You were right, too. He screeched and banged his fists in protest. He wanted out of that stroller. But his mother held firm and calmly told him “no”, over and over. He put up a good (and loud!) fight, but it was clear he was not going to be the victor that morning.
You were probably thinking to yourself, “why can’t she just take him out so he’ll shut up already?!” You probably thought that all of the glaring that you did in their direction was somehow helpful to the situation. A situation that that mother clearly did not want to be in, now that more than half of the train had quieted down to stare at her and see what was going on. Call me crazy, but I imagine you are a strong proponent of these new “no children” policies that airlines are touting.
Five years ago, I would have thought and done those very same things. But since that time, I had a daughter. My self-importance, much less my opinion about public spaces and the folks who use them, has done an about face.
When I was in your shoes, I wasn’t compassionate enough to realize that no parent or caregiver wants to create a noisy scene that disrupts others going about their daily business. I wasn’t patient enough to understand that everyone has bad days, as adults and as kids. I wasn’t seasoned enough to know that sometimes the only way for a two year old to get his point across—even in the most communicative, structured and loving of homes—is by growling like a distressed lion simply because he does not have the language to express himself like we do. I wasn’t smart enough to realize that this situation had nothing to do with proper discipline but rather that he was just very young and having a stressful moment. I wasn’t empathic enough to appreciate that maybe she is, in fact, taking her son to an invasive or heartbreaking medical procedure and she has no other way to get there. Or, even still, that her young son knows what’s in store for the morning ahead. That maybe she is trying to get out of a stressful living situation or has a mother who is dying, and that that train ride to wherever she was going was the first hands-free respite she had to herself all morning. I wasn’t sensitive enough to think that maybe her son has some involuntary, sensory-based aversion to loud noises or motion. I wasn’t humble enough to realize that I may have screamed exactly the same way more than thirty years ago when I was unwillingly strapped into a stroller.
I wasn’t kind enough to give either of them a break for those twelve minutes.
I am not sure if you have children or not, like them or hate them. It really doesn’t matter.
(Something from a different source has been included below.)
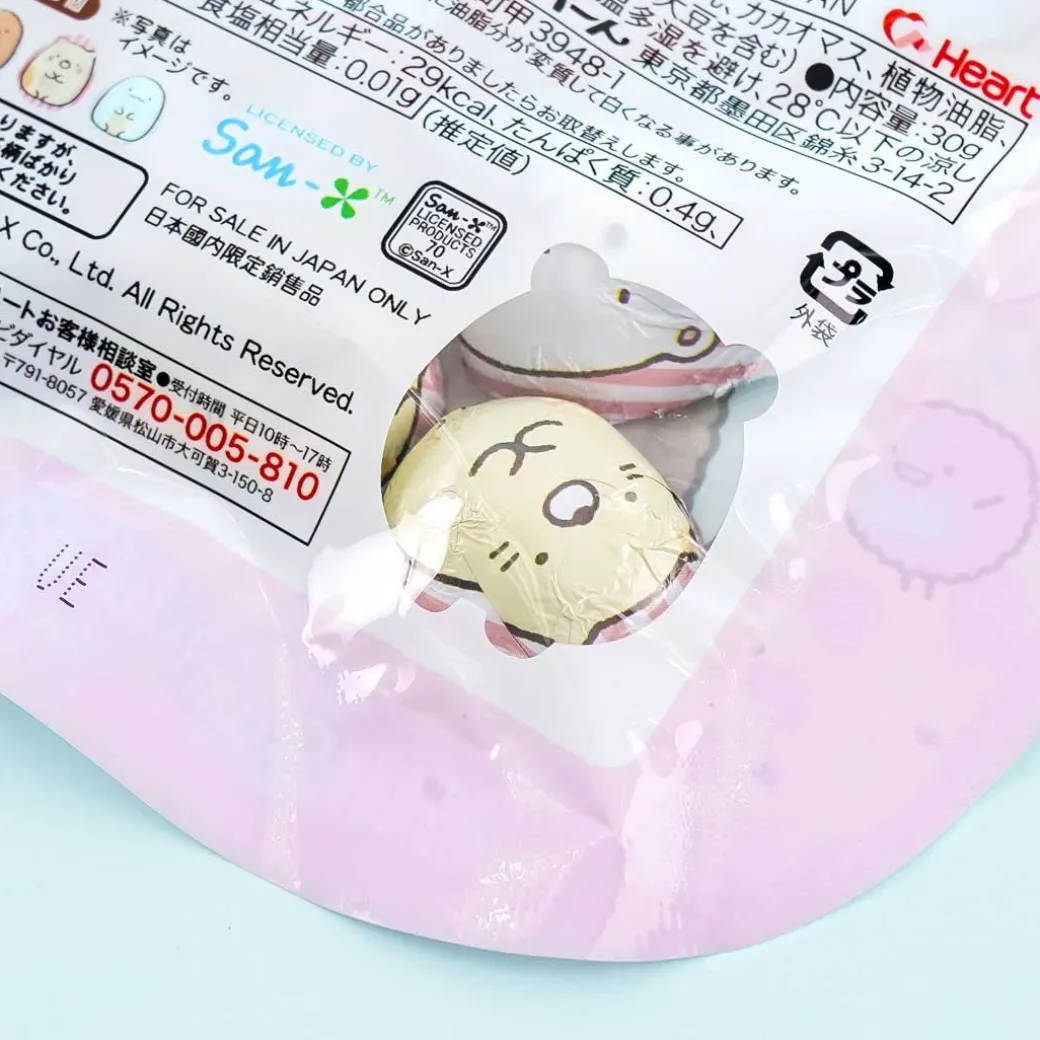 Sumikko Gurashi Tapioca Park Chocolate Pack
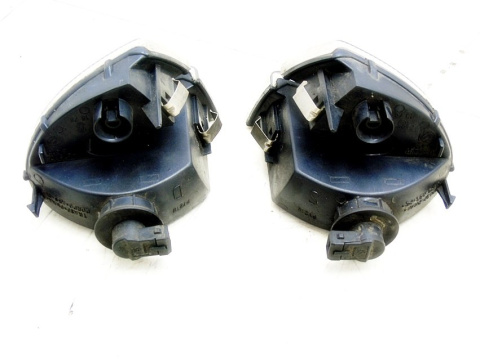 HALOGENY PRZÓD KOMPLET ALFA ROMEO 147 HALOGENY PRZÓD KOMPLET ALFA ROMEO 147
I’m not saying we have to be doormats or put up with aggressive or abusive treatment by others, but the fact of the matter is that we all have to learn how to be a little more forgiving of each other when sharing our world, even when—especially when—it is uncomfortable.
Whether it is at the grocery store, on an airplane, a restaurant or on the subway, we have to learn how to put up with each other a little better. Nobody is perfect, not even prim and proper well-heeled professionals like you. The kids who cry and scream (for whatever reason) and the parents who submit to it for the time being (for whatever reason). The folks among us who talk or move a little slower than we’d like them too. People who are entirely rude beyond reason, but have not been able to process their troubles in a more productive way. We are all guilty of having our less than finer moments. It is what makes us human.
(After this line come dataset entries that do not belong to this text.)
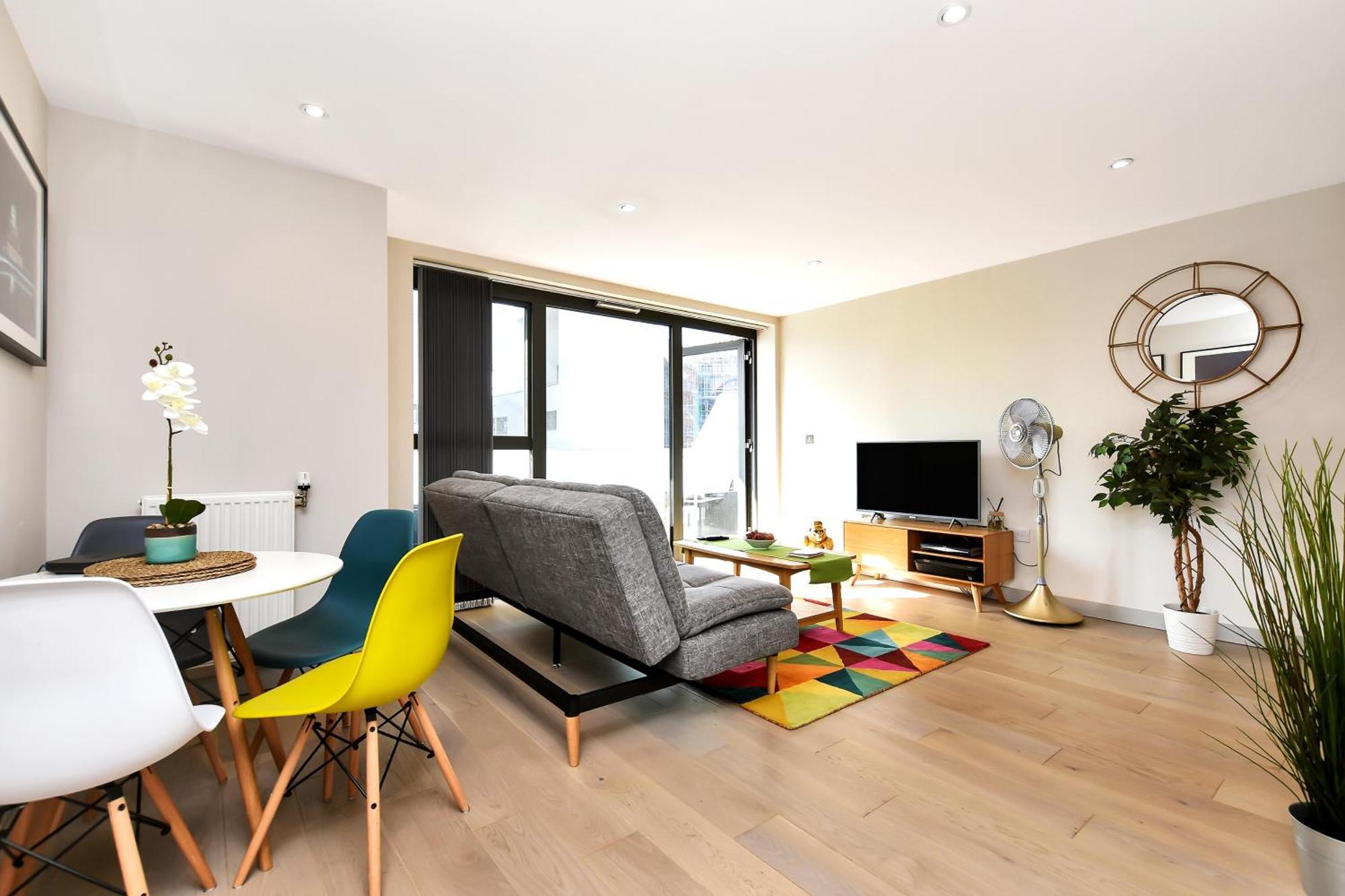 Apartamento Esquire Ealing Londres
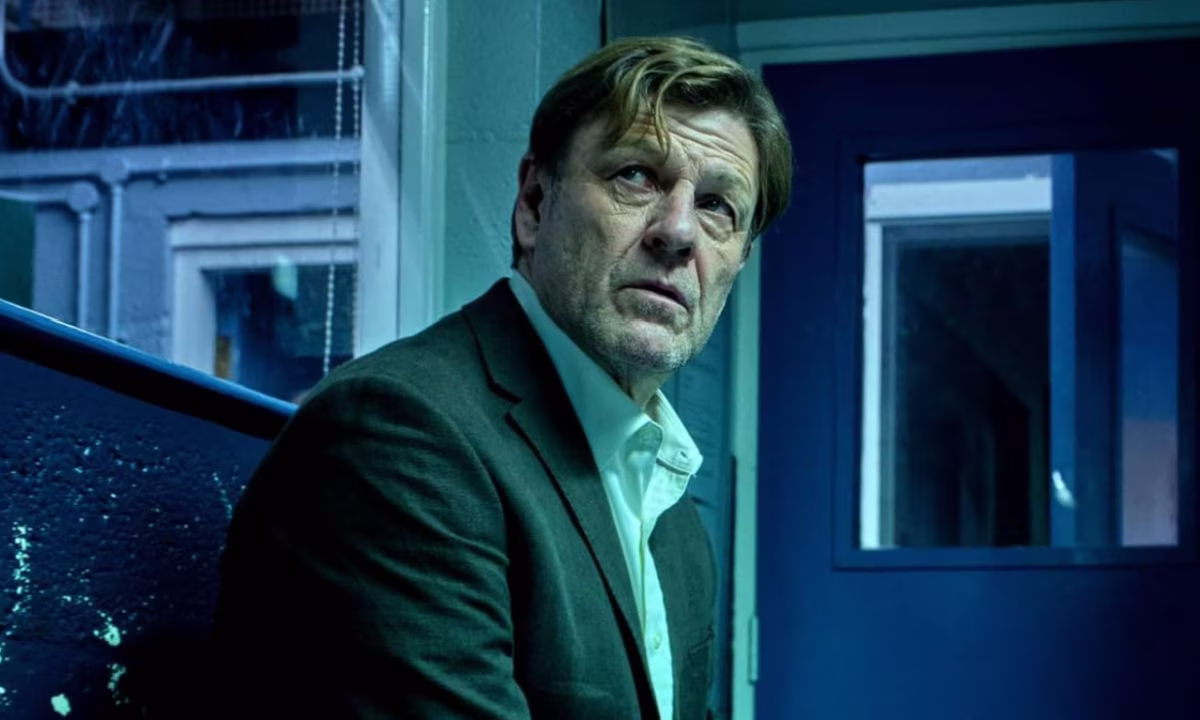 Time 2021 TV series review and summary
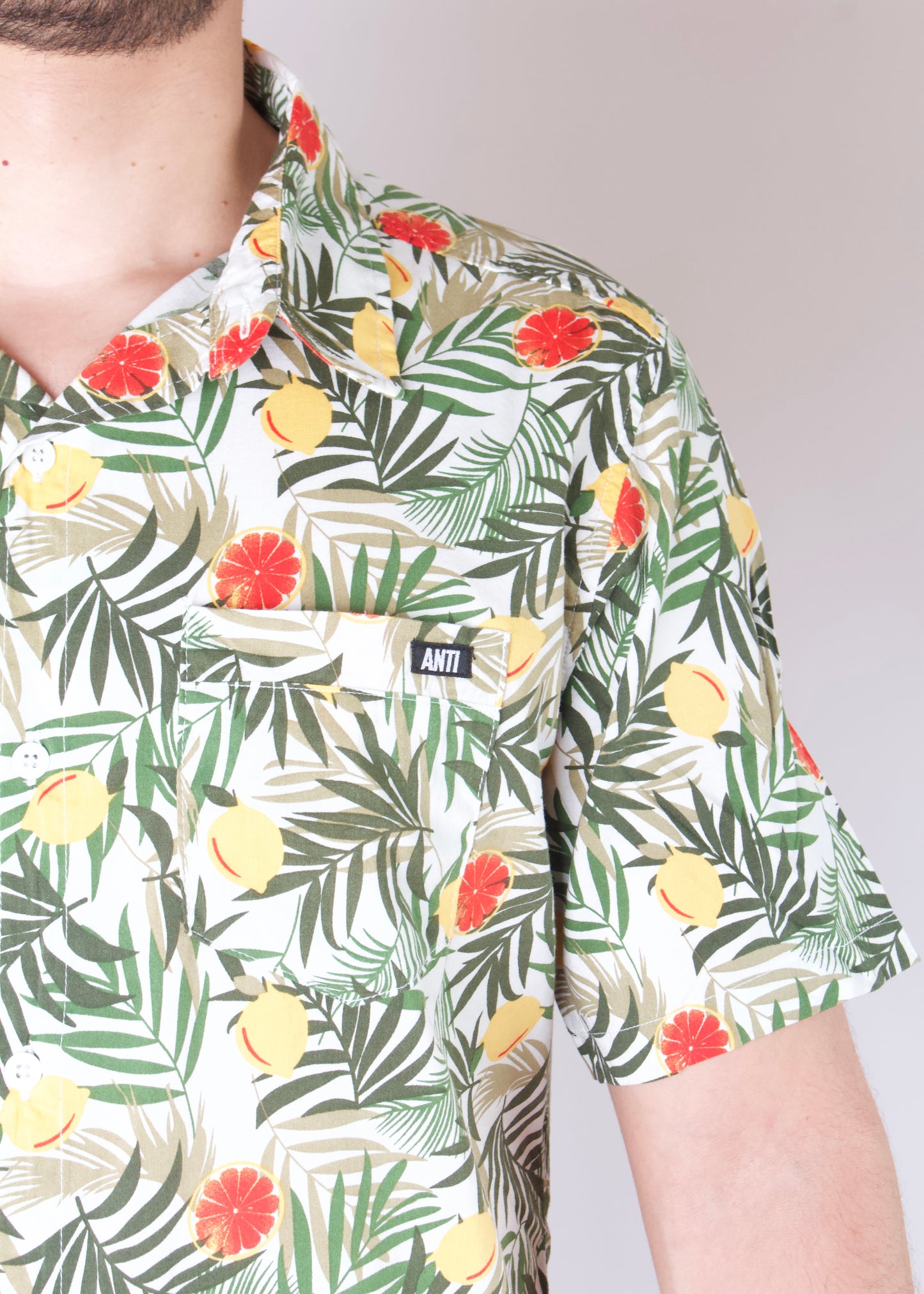 Camisa Tropical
So I hope you will remember this the next time you are near a noisy, unhappy kid or some other person who has rattled your otherwise peaceful day: these are all mere moments in time, nothing more than a few minutes or, at worst, a couple of hours. What better time for you to dig a little deeper into your reserves of patience and empathy, and offer it as a gift to the other person, knowing that you made the world a little more peaceful that day, even if they couldn’t.